> Instructions for the task: Print only the lines below from the one with "salad in a bowl cucumber and strawberries" to the one with "A hotel with", both included, exactly as they stand. Leave pictures out.

> Records to process:
========================================================================
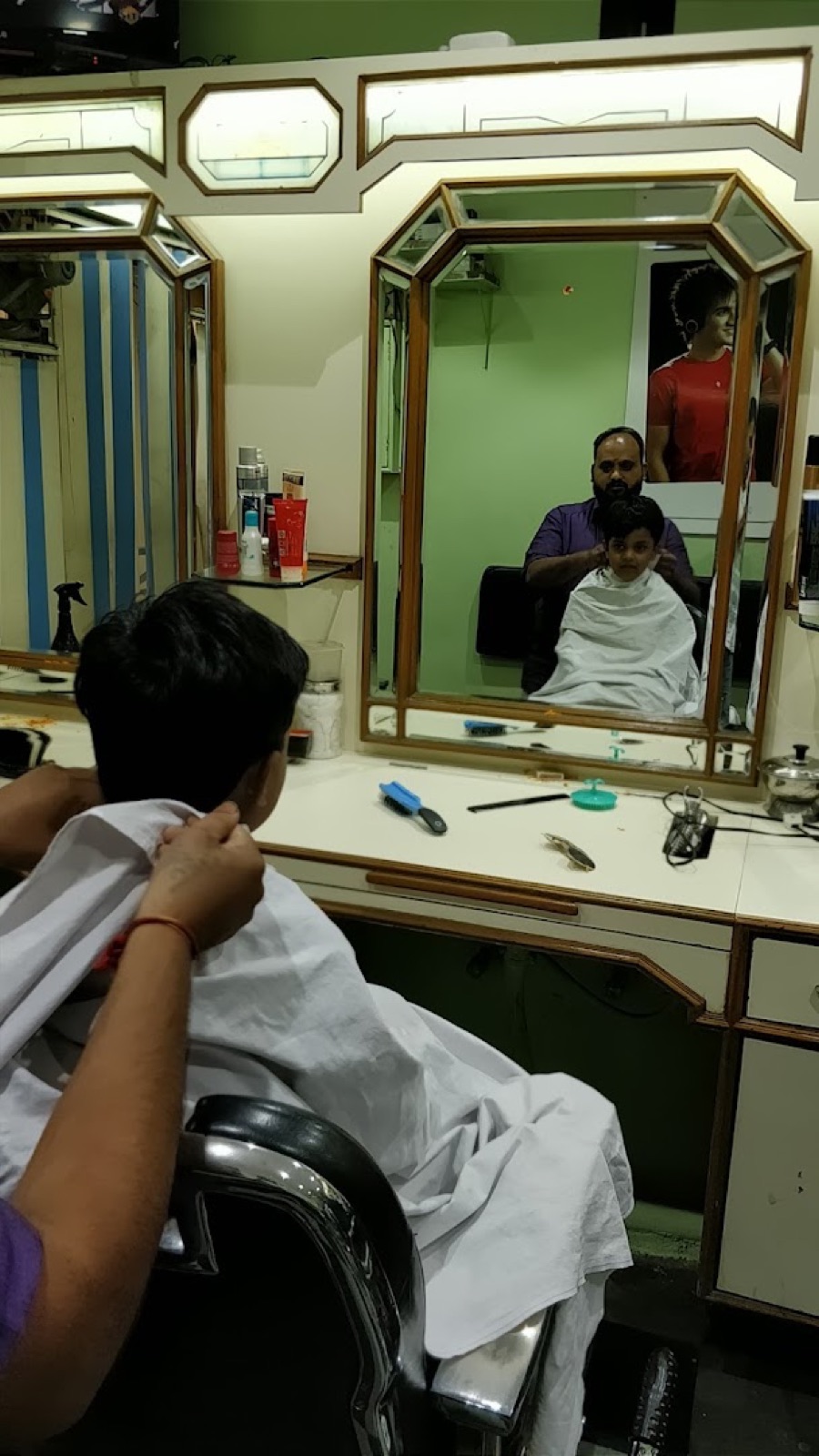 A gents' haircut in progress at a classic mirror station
========================================================================
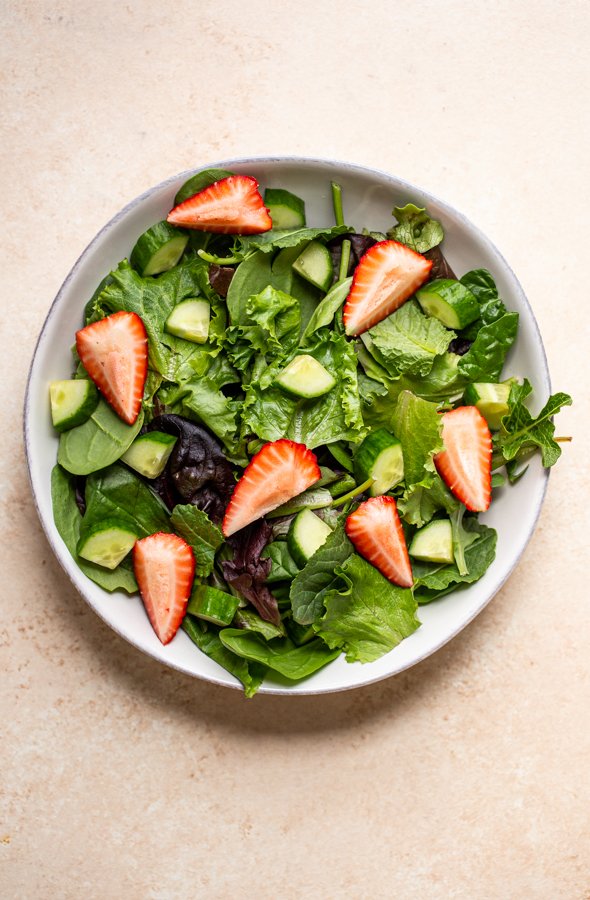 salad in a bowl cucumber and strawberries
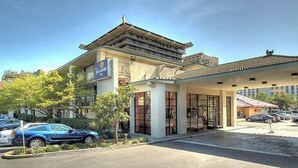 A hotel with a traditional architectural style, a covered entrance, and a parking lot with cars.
========================================================================
> Output of the task:
 salad in a bowl cucumber and strawberries
 A hotel with a traditional architectural style, a covered entrance, and a parking lot with cars.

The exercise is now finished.